An increase in neurogenesis could be obtained by two different mechanisms one during proliferation and the other during differentiation partially mimicked by EPO. First, culturing differentiating NPCs under www.selleckchem.com/products/Sorafenib-Tosylate.html lowered oxygen increased the number of neurons after 3 days of differentia tion. In addition, proliferation of NPCs under hypoxia and differentiation of those cells under hypoxic or normoxic conditions raised the same amount of neurons, indicating a manipulation of the progenitor cell pool during prolifera tion. EPO partially mimicked the effect under normoxia and displayed anti apoptotic effects under these culturing conditions. Therefore we propose two different mechanisms of differentiation. One deals with the increase of neuronal cells by hypoxia during differentiation and the other one displays an increase of the progenitor pool of cells during proliferation under hypoxia.

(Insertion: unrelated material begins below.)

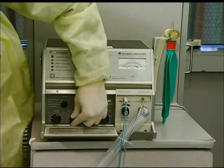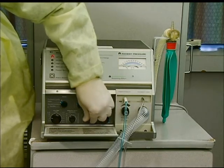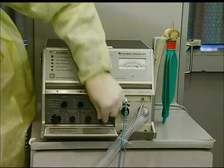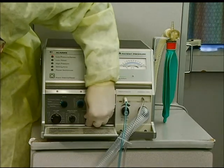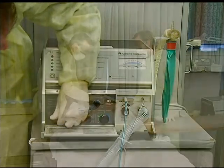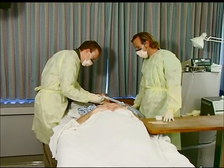Commonly, adjustments to the ventilator will need to be made. To adjust any of the parameters, simply dial the control knob to the prescribed setting. Adjustments to the alarms may be necessary after adjustments are made; follow the same procedure as described earlier. As always, monitoring the patient's response to changes in the ventilator settings is imperative.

The two mechan isms result in the same effect, namely the increase of neu ronal cells and the increase of the overall activity of differentiated cells. The first mechanism indicates that hypoxia induces differentiation and the second one indi cates that hypoxia increases the pool of differentiating cells by changing the cell fate of the progenitor cells. Prolifera tion was investigated at 3% O2 and the rate of differentia tion did not change when cells were differentiated at 3% as well. These results demonstrate that 3% oxygen modifies the differentiation capability of NPCs. The cell line used in this study showed a maximal number of neurons of around 6%, which can be interpreted as a limitation of this study, however reported levels of neurons in other NPC lines are simi lar.

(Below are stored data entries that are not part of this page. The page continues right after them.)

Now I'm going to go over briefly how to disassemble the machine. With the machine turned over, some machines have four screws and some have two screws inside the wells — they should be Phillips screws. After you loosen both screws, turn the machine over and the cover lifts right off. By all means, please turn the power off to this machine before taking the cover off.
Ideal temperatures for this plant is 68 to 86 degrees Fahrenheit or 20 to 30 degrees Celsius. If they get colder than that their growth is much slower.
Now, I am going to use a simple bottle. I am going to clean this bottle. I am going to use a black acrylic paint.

Nevertheless, this cell line also possesses advantages like the very fast differentiation potential and the easy accessibility, which enabled us to closely monitor changes in proliferation and differentiation. Therefore, those cells serve as a model to investigate differentiation mechanisms which then can be transferred to systems which allow for an engraftment into the CNS to cure neurodegenerative diseases like Parkinsons disease or stroke. Concerning apoptotic cells, the number was reduced by 50% at day 4 of differentiation at 3% oxygen. This apoptotic effect was not in consensus with a neuronal cell death, as the number of neurons was not influenced which leads to the conclusion that the num ber of bIII tub cells at 3 days of differentiation is not only an outcome of an anti apoptotic effect.

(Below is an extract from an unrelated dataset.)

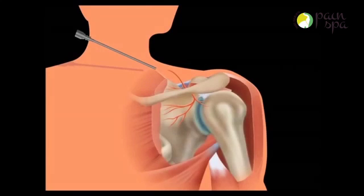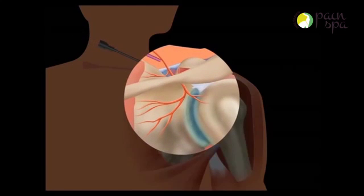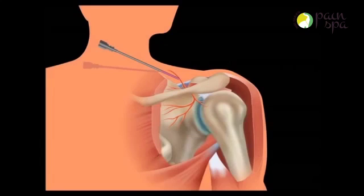He will then use an ultrasound machine to guide a special radiofrequency needle accurately near the suprascapular nerve. A radiofrequency electrode is inserted through the needle and a small electric current is passed to test the position of the needle.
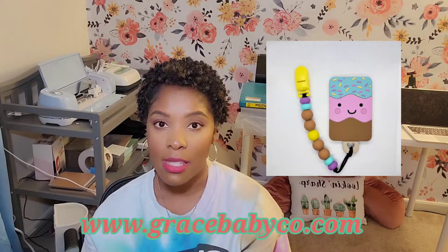I am here today because I launched a business in 2021 — February of 2021 to be exact. It's called Grace Baby Co and it's custom teethers, pacifier clips, wristlet keychains, and it's been keeping me pretty busy throughout the year.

At the fourth day of differentiation the effect of EPO is anti apoptotic, but numbers of neuronal cells are not altered by EPO and therefore EPO has no neuron specific anti apoptotic Anacetrapib effect. We observed an increased apoptosis at day 4 in the cells that underwent proliferation and dif ferentiation at 20% oxygen, however the underlying mechanism is not clear. Depending on the severity of hypoxia it can have differential effects on the apoptosis.